Enchanted Arms
Genre: RPG
Publisher: Ubisoft
Developer: From Software
Release Date: August 2006
Come On, What Was Wrong with [eM] -eNCHANT arM-?
Horse armor and wizards' towers won't keep Oblivion players saddled up forever. Well, maybe they will, but at some point, you'll need to take a breather and find something other than shutting down Oblivion Gates to do with your Xbox 360 role-playing time. Excellent RPG alternatives remain scarce, much as they always were on the original Xbox, so it was disappointing to find the Enchanted Arms demo station somewhat under-mobbed next to the tangle of squirming E3 attendees trying to get a peek at Assassin's Creed in the Ubisoft booth. Billed as the first Japanese-style RPG on the Xbox 360, Enchanted Arms is also a potential antidote to the lack of role-playing opportunities suffered by Xbox loyalists pumping their pennies into Live Marketplace for all those Oblivion mini-expansions. Enchanted Arms has already debuted in Japan, under the more entertaining title [eM] -eNCHANT arM-. Stateside, we'll have to wait until August for the localized version of this Xbox 360 exclusive.
In making the move from East to West, on top of the oppressively sense-making new name, Enchanted Arms is currently getting the full English-language voice and text translation treatment, while maintaining the Japanese version's story and setting. The trouble brewing in the fantastical world of Yokohama City has its roots in some 1,000-year-old bad decisions about the proper use of magic. The ancestors of our hero, Atsuma, were a bunch of misguided mystics who created magical creatures to fight their wars for them. As they grew increasingly corrupt and power-hungry, the creatures got larger and larger until someone finally mustered the good sense to lock them away.
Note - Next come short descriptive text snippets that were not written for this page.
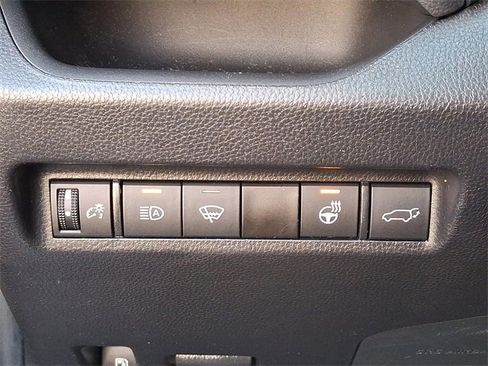 Used 2021 Toyota RAV4 XLE image 25
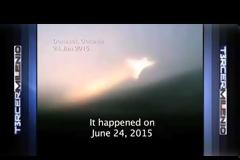 ΣΟΚΑΡΙΣΤΙΚΟ ΒΙΝΤΕΟ! Περίεργη οντότητα μετατρέπεται σε σταυρό πάνω από την Κριμαία [video]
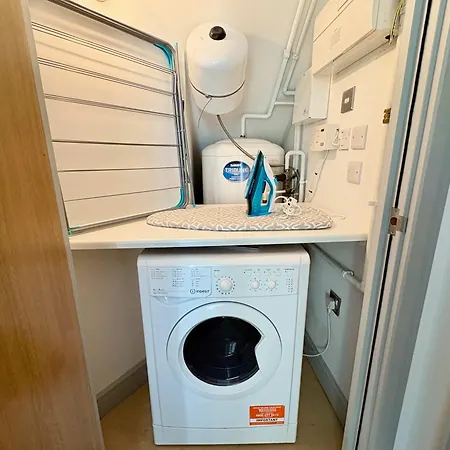 Centre 2-bed With Balconies & Views - Location York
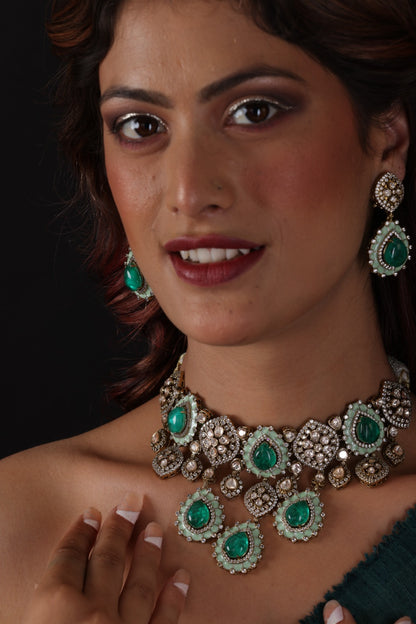 SINDU NECKLACE SET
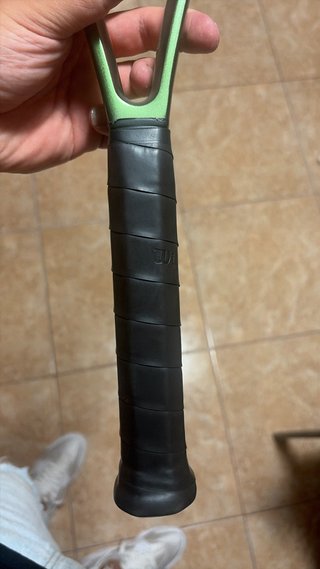 Raqueta Wilson Blade 100 V8 300g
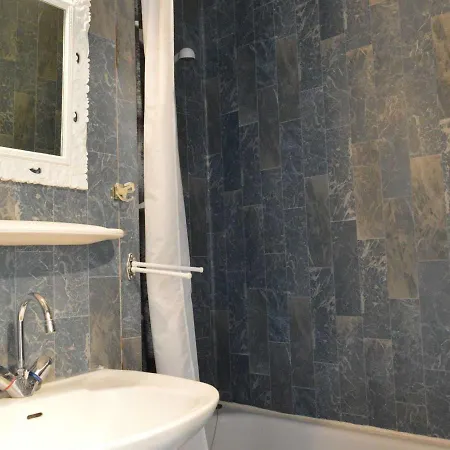 Apartment En Bord De Avec Piscine Et Parking Prive A 300m De La - Cap D'agde - Fr-1-249-315 *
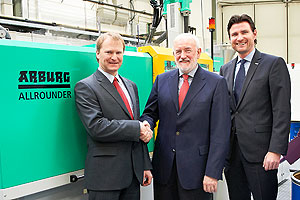 Offizielle Übergabe des Arburg-Allrounders: Dr. Ing. Thomas Walther (Arburg), Prof. Dr.-Ing. Johannes Wortberg (Universität Duisburg-Essen) und Thomas Knop (Arburg) (v.l.).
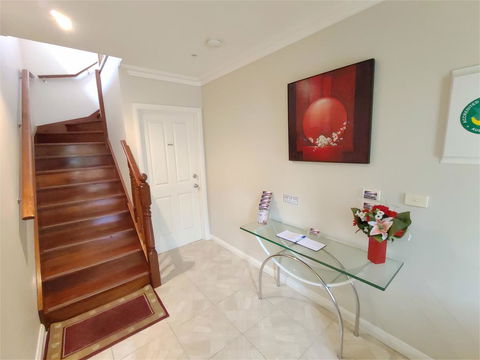 Angela's Beach Stays - Tourism Brisbane 2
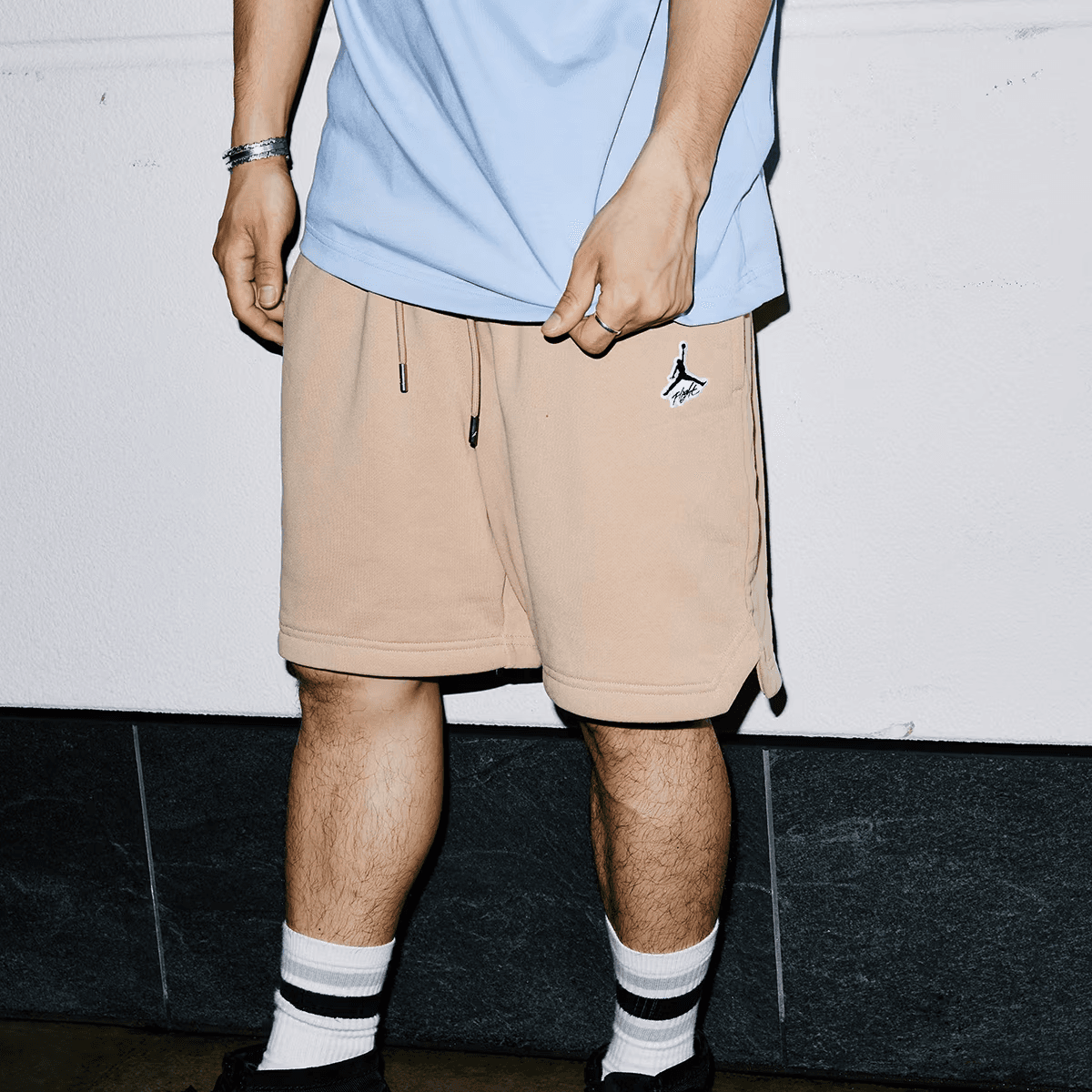 Тренировочные штаны Jordan Essentials Khaki Shorts - изображение 5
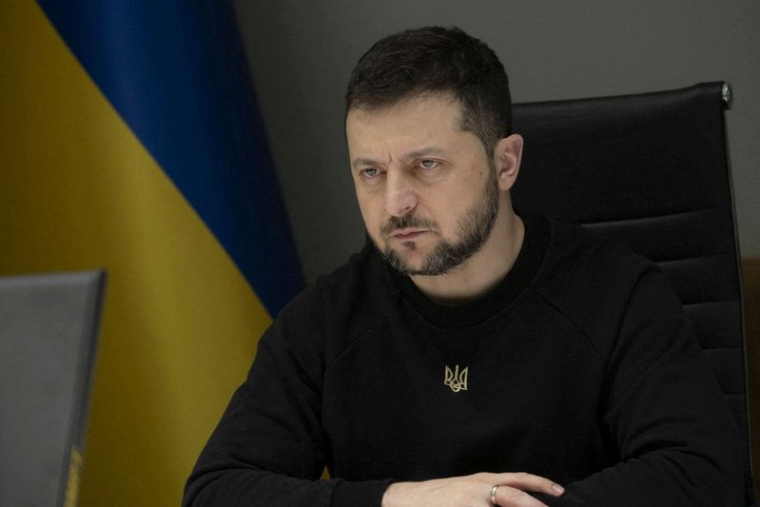Le président ukrainien, Volodimir Zelensky, s'adresse aux ministres de la défense à Kiev
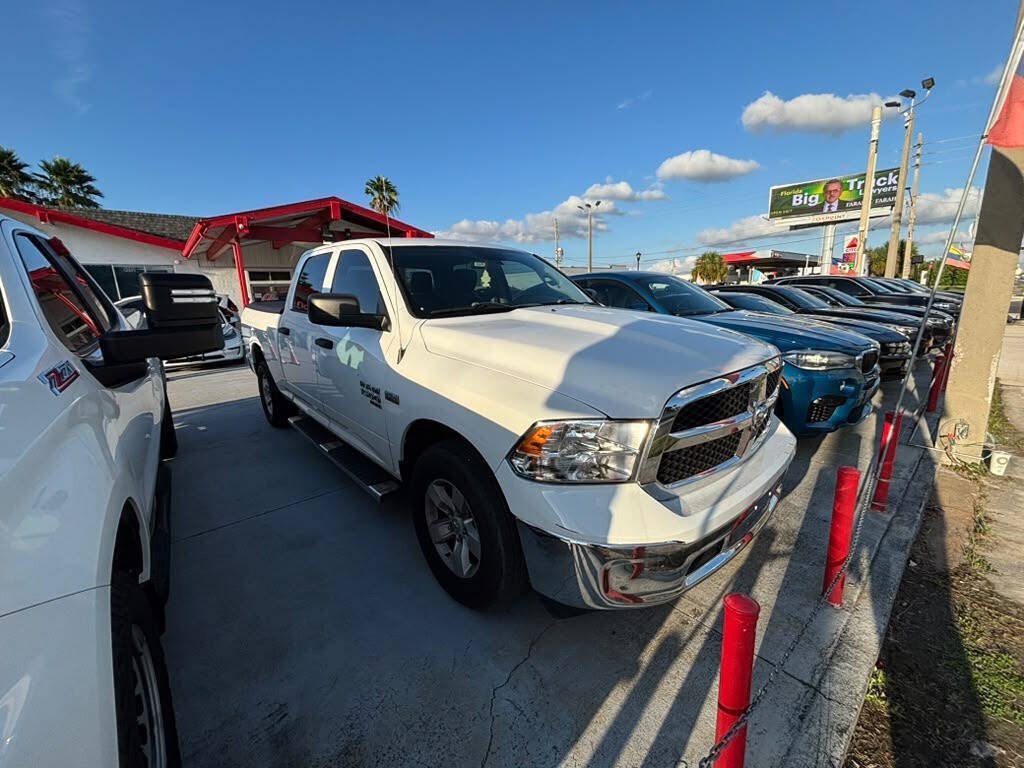 Used 2023 RAM 1500 Classic SLT AWD/4WD image 4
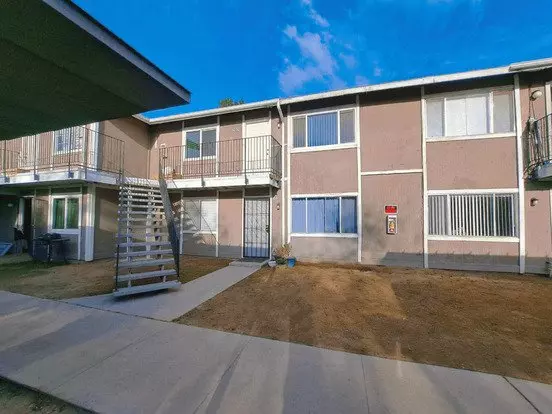 4730 E Lamona Ave Apartment for rent in Fresno, CA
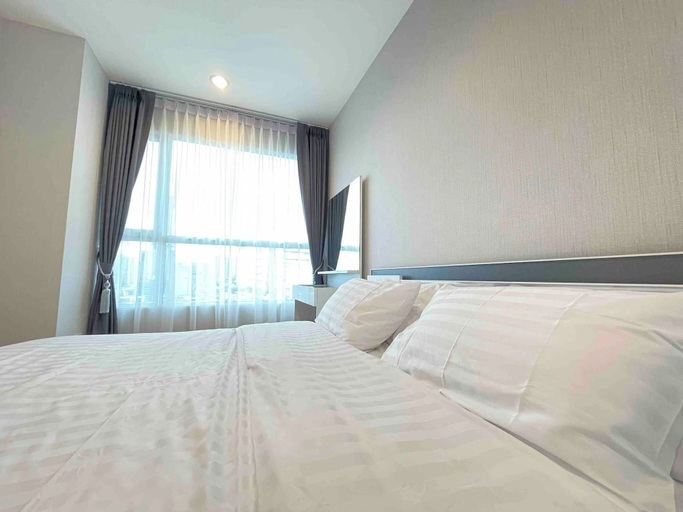 Room 5, Luxurious 2-Bedroom Apartment Near Chao Phraya River, Khlong San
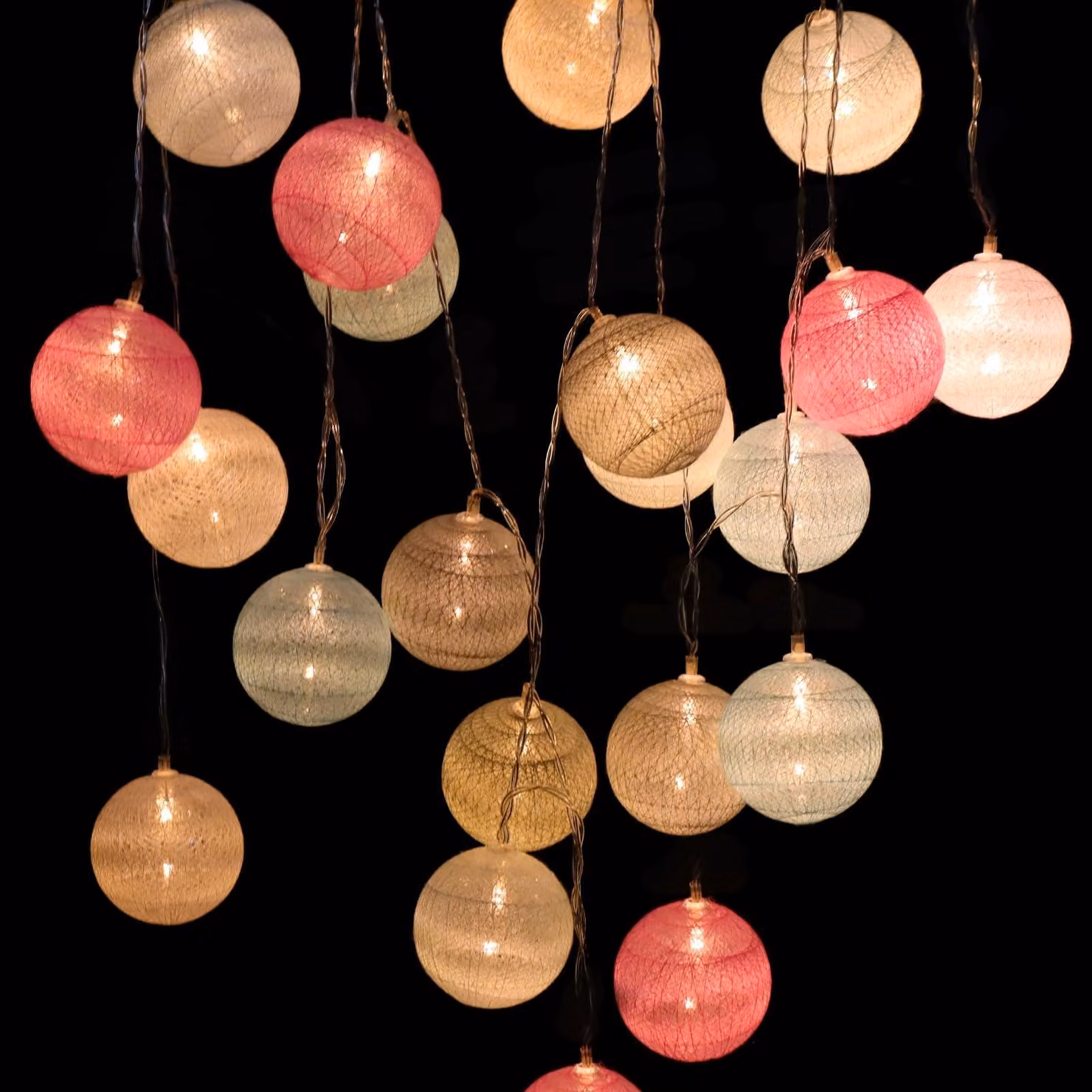 Catena luminosa da 3 metri, con 20 LED, diametro delle palline: 5,8 cm, realizzate in cotone, multicolore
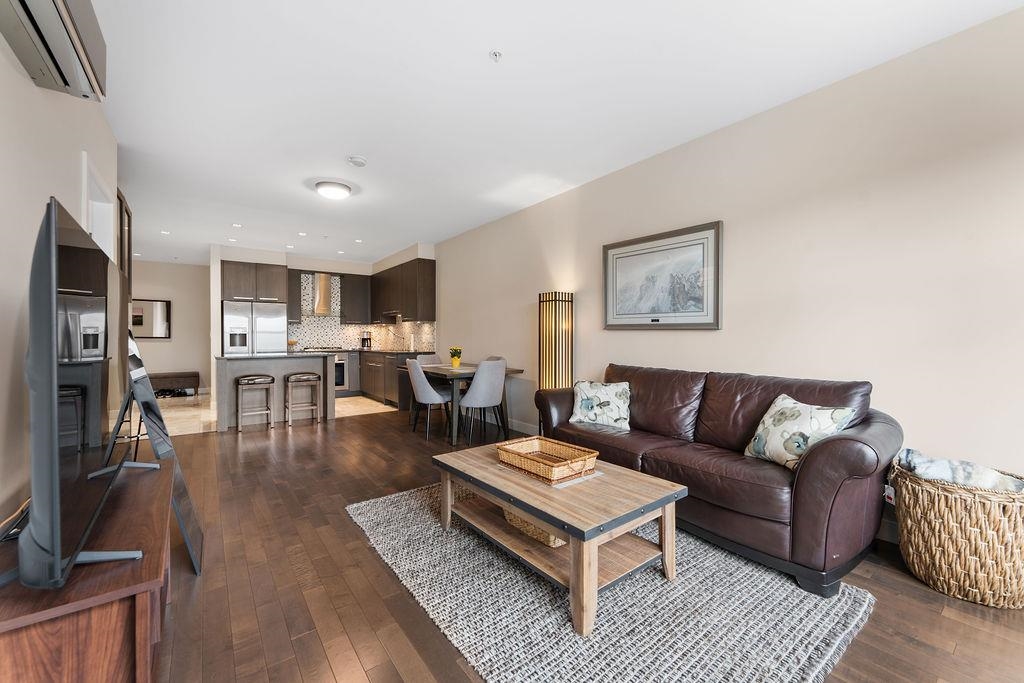 301 4570 HASTINGS STREET Unit: 301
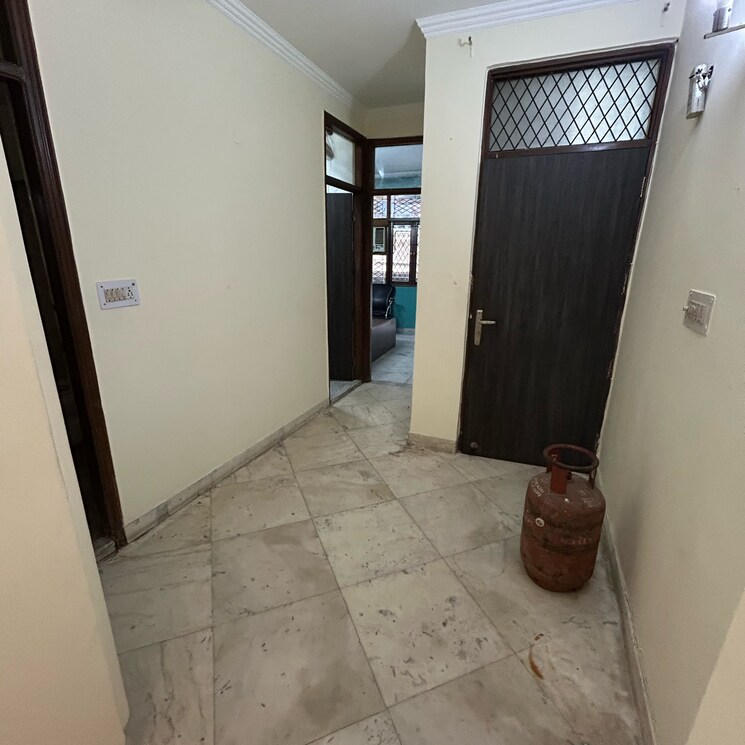 Room, kotla mubarakpur 2 Bedroom 900 Sq.Ft. Builder Floor In Kotla Mubarakpur Delhi 9138258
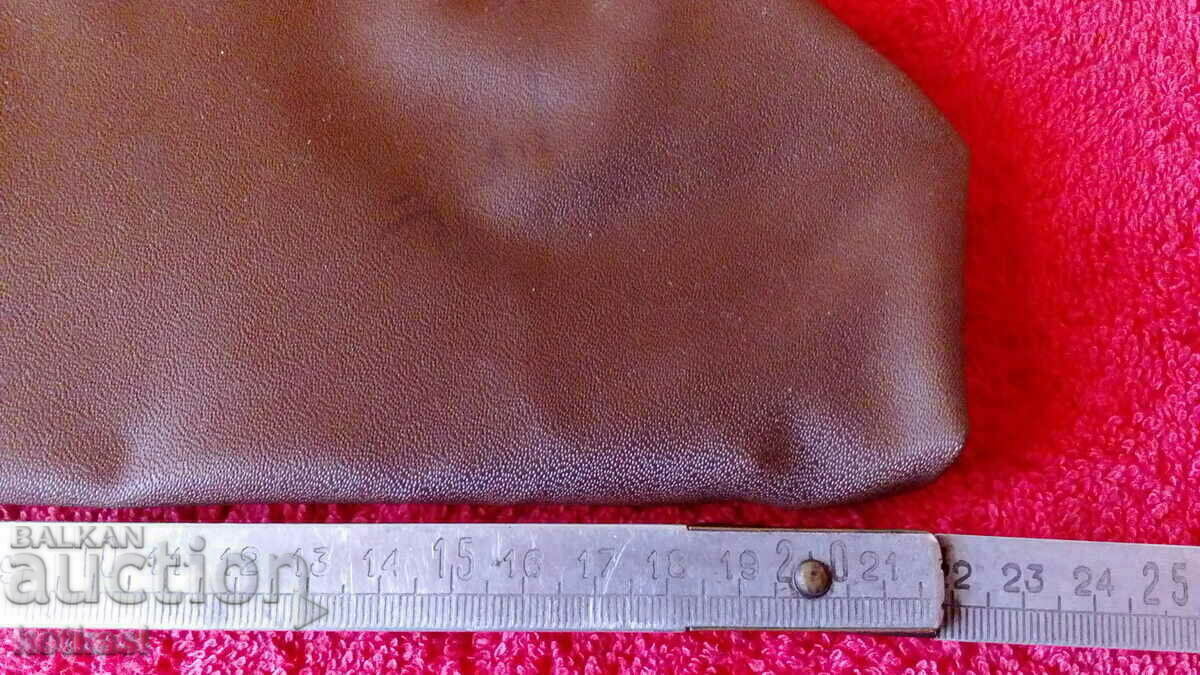 Аукцион Старо кожено дамско портмоне Аукцион Старо кожено дамско портмоне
As anyone who's ever banished a dark entity to a phantom zone knows, such prisons never hold. In current days, the giant warfighting beasts have been loosed upon the land. Playing as Atsuma, student of magic and wielder of the special arm, you'll have to work with pal Yuki and others to defeat the monsters and absorb their energy into your enchanted limb before the forces of darkness overrun the realm. A heard-it-before kind of plight, to be sure – and though I dare not confuse novelty for quality – such journeys are rare on the 360 in its infancy, and I'd caution against dismissal on the grounds of familiarity.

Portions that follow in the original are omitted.